TMK launches new specialty reinsurance division
TMK launches new specialty reinsurance division | Insurance Business Australia
Insurance News
TMK launches new specialty reinsurance division
New head also appointed
Insurance News
By
Kenneth Araullo
International specialist insurance underwriter Tokio Marine Kiln (TMK) has announced the formation of a new specialty reinsurance division as part of its strategy to drive growth and diversification.
Phil Taylor (pictured above) will lead the new division as head of specialty reinsurance. Taylor, who brings over 25 years of experience in underwriting and broking, has previously held roles at Everest, Liberty Specialty Markets, Novae, and Aon. His focus will be on expanding TMK’s global specialty reinsurance portfolio, with his official start at the company scheduled for early 2025.
Vivek Syal, chief underwriting officer at TMK, commented on the appointment, stating that TMK’s reinsurance expertise is widely recognized in the market, and the company is well-positioned to grow its portfolio.

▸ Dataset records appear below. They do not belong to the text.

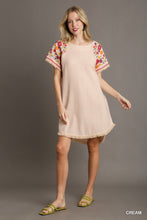 Load image into Gallery viewer, Cream Frayed Hem Dress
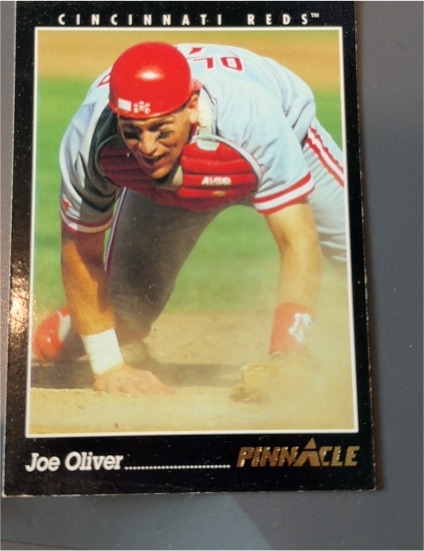 1993 Pinnacle #190 Joe Oliver — front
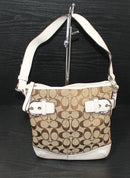 Coach Purse: 3577 White Signature Monogram Tote Bag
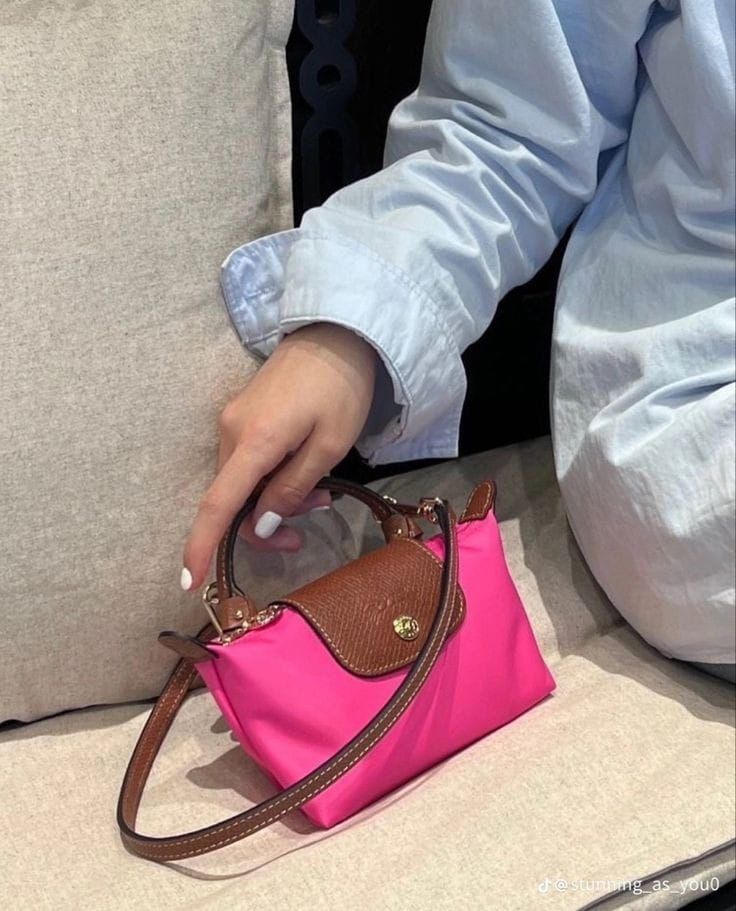LONG CHAMP - mini bags with long belt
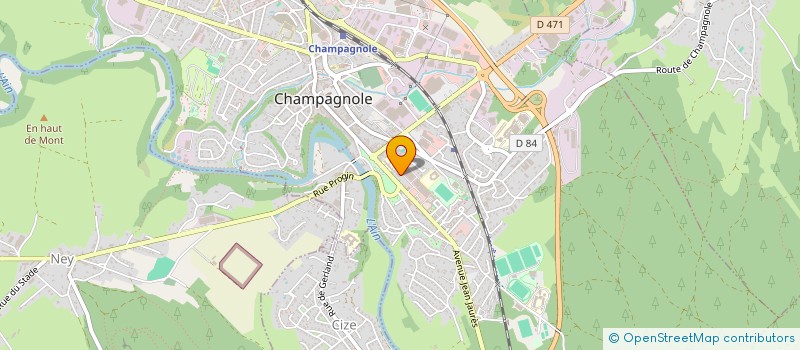 localisation de l'entreprise PANO'FROID à CHAMPAGNOLE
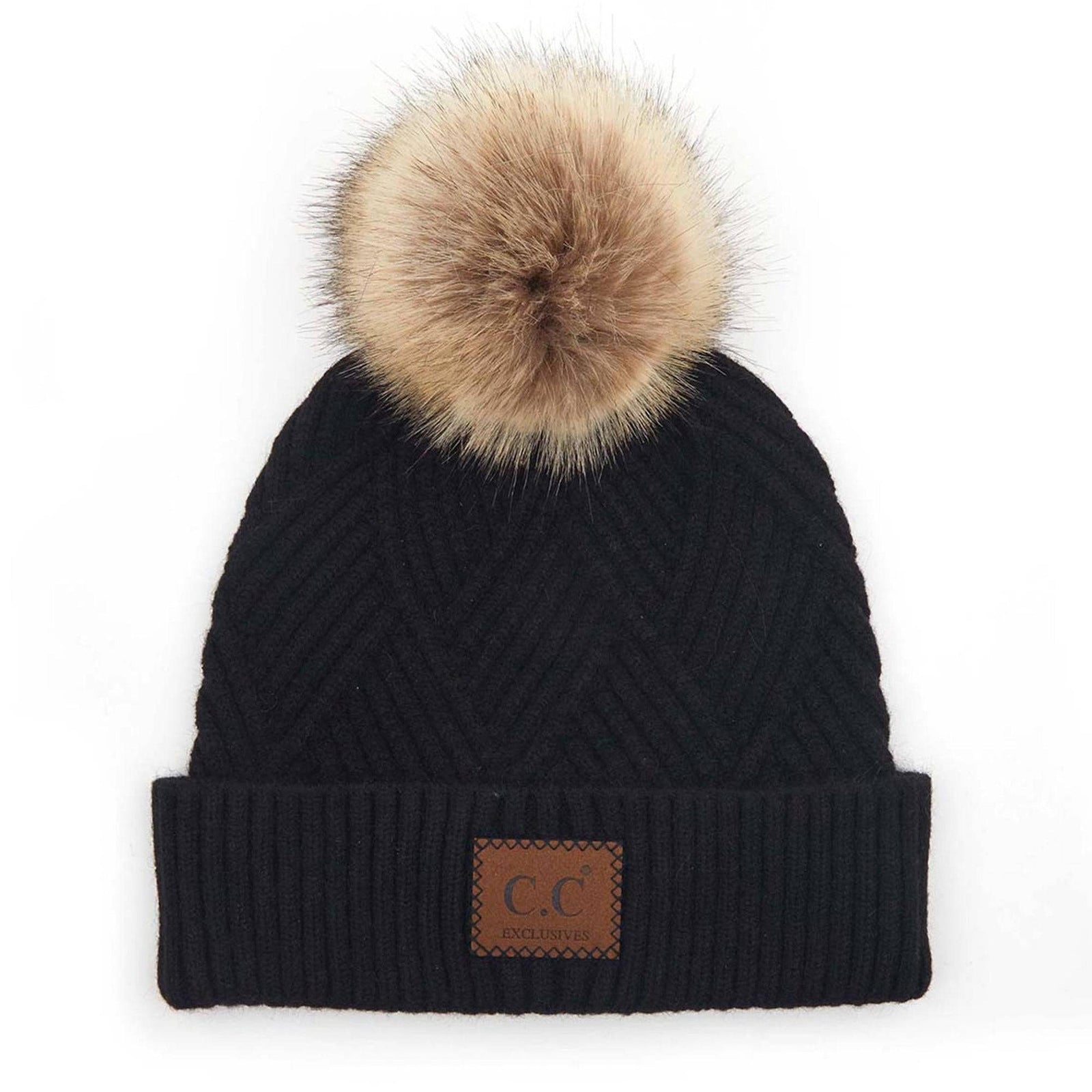 CC Brand Kids Criss - Cross Suede Patch Beanie - Truly Contagious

“Phil is an exceptional underwriter and business leader, and I’m delighted to bring him on board to work with our heads of underwriting to expand our presence in this strategically significant class and provide an outstanding service to our clients,” Syal said.
TMK said that Taylor’s role will be central to the company’s efforts to enhance its global reinsurance offering as it continues to pursue growth opportunities in the specialty market.
Meanwhile, parent company Tokio Marine also recently reported higher fiscal first-quarter profit, driven by improved underwriting results and stronger investment income in its international segment.
In its financials, Tokio Marine noted higher gains from the sale of business-related equities, which were partly offset by adverse natural catastrophe effects, including hail damage in Hyogo, Japan, and an increase in auto loss costs in the Japanese property/casualty business.
For the fiscal first quarter ending June 30, net income attributable to owners of the parent group rose to ¥197.3 billion ($1.37 billion) from ¥127.9 billion a year earlier.